**WHAT TO PRODUCE:**
In the entries below, find the line with "Buffalo Bills Est" and the line with "American Retro Heavy"; reproduce those two lines and all lines between them exactly, without pictures.

**SOURCE DATA:**
########################################
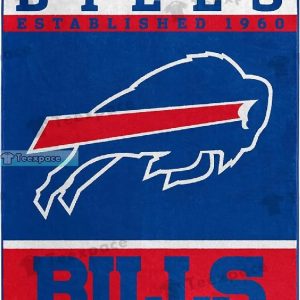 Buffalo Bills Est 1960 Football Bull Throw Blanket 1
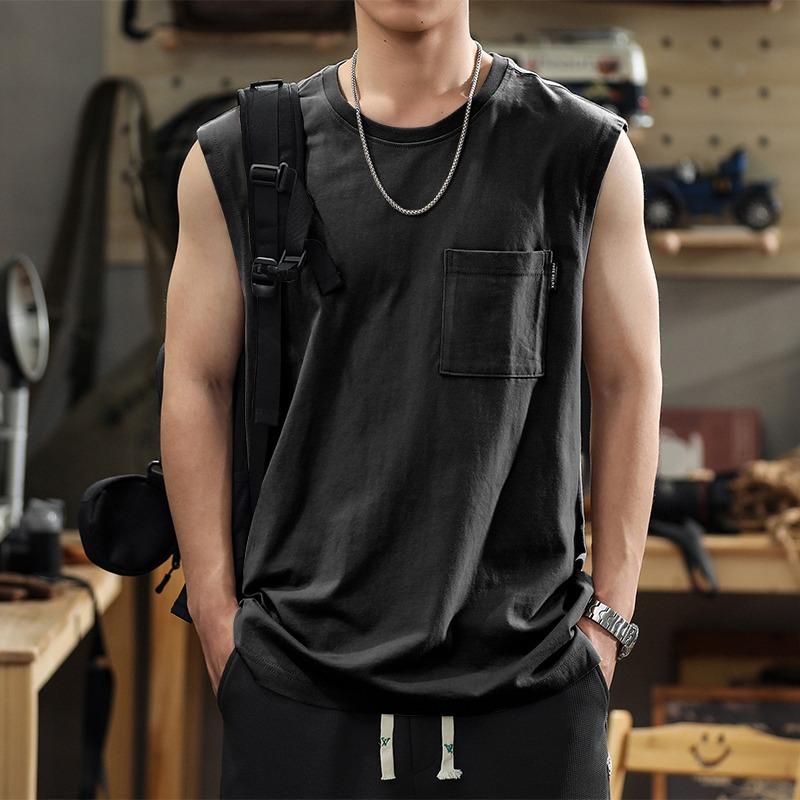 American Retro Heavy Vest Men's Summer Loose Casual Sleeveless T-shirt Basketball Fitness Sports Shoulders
########################################
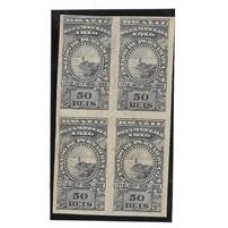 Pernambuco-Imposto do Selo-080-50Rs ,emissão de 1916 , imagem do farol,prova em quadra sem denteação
########################################
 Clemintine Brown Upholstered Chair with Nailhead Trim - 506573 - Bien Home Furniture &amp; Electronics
########################################
**THE COMPLETED TASK:**
 Buffalo Bills Est 1960 Football Bull Throw Blanket 1
 American Retro Heavy Vest Men's Summer Loose Casual Sleeveless T-shirt Basketball Fitness Sports Shoulders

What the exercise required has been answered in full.